Stored items

--------------------------------

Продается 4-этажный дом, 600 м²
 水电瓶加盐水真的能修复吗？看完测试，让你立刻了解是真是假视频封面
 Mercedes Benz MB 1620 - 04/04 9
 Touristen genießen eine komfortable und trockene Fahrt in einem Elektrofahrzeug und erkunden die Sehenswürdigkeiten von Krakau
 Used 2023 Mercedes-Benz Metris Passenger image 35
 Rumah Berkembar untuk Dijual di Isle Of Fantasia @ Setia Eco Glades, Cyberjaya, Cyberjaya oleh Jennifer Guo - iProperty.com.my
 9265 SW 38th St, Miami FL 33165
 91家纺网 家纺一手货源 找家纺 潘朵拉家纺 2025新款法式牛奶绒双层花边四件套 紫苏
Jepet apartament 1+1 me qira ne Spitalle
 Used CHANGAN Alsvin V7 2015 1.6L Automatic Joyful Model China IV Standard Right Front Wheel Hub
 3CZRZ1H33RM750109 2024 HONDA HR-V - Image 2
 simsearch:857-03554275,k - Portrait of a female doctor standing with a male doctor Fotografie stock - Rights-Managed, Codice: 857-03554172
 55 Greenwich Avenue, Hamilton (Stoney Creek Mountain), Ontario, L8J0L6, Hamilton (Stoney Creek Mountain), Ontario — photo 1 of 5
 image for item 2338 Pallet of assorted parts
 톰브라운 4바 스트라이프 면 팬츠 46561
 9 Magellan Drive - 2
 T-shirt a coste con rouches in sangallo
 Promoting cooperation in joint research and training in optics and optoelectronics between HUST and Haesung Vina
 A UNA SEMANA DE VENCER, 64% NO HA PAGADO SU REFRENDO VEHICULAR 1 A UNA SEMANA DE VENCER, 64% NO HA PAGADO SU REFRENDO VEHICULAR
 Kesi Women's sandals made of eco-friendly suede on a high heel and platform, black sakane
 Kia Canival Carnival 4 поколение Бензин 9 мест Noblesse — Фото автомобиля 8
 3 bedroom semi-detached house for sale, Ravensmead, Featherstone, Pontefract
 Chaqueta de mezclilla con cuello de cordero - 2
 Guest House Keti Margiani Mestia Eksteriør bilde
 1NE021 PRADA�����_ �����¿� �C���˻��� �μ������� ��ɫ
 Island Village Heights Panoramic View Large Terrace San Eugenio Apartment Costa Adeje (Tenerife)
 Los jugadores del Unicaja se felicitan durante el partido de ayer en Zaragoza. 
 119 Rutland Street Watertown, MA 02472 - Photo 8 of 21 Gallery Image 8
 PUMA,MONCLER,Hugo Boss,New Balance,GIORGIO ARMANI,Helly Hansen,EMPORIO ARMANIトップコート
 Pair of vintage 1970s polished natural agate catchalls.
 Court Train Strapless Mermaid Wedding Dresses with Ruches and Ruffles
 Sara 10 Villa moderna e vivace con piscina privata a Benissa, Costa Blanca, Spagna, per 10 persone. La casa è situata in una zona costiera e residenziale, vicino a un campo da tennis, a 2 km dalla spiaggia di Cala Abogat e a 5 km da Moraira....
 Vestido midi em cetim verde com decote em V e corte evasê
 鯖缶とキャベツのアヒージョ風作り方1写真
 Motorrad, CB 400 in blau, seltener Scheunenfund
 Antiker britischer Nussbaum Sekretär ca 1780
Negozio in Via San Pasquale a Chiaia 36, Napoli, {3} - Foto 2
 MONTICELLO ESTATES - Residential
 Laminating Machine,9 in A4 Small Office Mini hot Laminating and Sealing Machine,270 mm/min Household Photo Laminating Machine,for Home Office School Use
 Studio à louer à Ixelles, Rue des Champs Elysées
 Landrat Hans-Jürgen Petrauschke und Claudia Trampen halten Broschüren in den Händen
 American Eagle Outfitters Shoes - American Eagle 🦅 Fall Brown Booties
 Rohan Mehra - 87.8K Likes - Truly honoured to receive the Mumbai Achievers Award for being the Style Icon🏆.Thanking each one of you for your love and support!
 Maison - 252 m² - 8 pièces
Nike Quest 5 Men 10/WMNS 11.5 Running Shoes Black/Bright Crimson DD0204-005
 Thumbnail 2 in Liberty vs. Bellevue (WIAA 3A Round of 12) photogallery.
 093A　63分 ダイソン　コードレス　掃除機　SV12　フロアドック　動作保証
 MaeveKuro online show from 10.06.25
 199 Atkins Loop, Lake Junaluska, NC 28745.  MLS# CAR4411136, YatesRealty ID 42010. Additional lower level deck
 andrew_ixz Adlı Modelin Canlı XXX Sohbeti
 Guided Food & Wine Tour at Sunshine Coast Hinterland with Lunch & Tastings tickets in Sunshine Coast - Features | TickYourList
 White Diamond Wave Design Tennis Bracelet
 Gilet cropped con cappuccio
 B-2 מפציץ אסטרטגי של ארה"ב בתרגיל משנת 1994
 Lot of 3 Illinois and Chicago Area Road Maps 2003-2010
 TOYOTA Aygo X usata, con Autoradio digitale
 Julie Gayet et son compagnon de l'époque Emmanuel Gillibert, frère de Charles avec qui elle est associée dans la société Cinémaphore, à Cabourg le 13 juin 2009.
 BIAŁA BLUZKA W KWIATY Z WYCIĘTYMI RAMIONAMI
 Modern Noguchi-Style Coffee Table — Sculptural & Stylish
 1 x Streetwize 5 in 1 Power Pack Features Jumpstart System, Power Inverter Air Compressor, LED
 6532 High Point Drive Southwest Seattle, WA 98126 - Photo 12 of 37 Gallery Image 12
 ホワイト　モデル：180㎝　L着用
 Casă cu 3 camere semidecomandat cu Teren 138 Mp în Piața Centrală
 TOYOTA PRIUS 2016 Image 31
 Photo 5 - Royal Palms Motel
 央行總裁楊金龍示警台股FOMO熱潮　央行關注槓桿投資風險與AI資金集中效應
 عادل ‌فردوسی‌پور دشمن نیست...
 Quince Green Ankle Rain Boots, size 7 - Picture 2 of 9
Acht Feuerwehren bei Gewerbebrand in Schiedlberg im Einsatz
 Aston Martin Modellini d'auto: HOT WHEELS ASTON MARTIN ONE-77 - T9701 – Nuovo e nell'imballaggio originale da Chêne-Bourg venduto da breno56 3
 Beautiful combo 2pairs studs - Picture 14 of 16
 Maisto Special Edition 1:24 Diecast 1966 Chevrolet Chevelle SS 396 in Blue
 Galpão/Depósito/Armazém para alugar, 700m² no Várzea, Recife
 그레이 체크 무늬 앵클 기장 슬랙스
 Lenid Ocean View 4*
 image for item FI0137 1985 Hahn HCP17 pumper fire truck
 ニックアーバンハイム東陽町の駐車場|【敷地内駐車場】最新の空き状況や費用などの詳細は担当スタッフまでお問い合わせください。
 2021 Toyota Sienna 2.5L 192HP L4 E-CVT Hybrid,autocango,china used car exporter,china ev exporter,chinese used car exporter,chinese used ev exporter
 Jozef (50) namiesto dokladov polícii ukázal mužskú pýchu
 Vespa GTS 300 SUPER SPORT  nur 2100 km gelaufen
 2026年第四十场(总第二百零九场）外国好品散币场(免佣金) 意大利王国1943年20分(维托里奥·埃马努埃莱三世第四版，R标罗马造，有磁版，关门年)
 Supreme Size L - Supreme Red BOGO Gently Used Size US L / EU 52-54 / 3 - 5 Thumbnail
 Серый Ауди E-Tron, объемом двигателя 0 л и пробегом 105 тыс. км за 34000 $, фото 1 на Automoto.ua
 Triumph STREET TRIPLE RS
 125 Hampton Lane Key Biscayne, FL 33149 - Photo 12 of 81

--------------------------------

**BRIEF**
Take the entries above and return only the lines from the one with "American Eagle Outfitters" to the one with "andrew_ixz Adlı Modelin Canlı XXX Sohbeti", both included, unchanged.

**RESPONSE AREA**
 American Eagle Outfitters Shoes - American Eagle 🦅 Fall Brown Booties
 Rohan Mehra - 87.8K Likes - Truly honoured to receive the Mumbai Achievers Award for being the Style Icon🏆.Thanking each one of you for your love and support!
 Maison - 252 m² - 8 pièces
Nike Quest 5 Men 10/WMNS 11.5 Running Shoes Black/Bright Crimson DD0204-005
 Thumbnail 2 in Liberty vs. Bellevue (WIAA 3A Round of 12) photogallery.
 093A　63分 ダイソン　コードレス　掃除機　SV12　フロアドック　動作保証
 MaeveKuro online show from 10.06.25
 199 Atkins Loop, Lake Junaluska, NC 28745.  MLS# CAR4411136, YatesRealty ID 42010. Additional lower level deck
 andrew_ixz Adlı Modelin Canlı XXX Sohbeti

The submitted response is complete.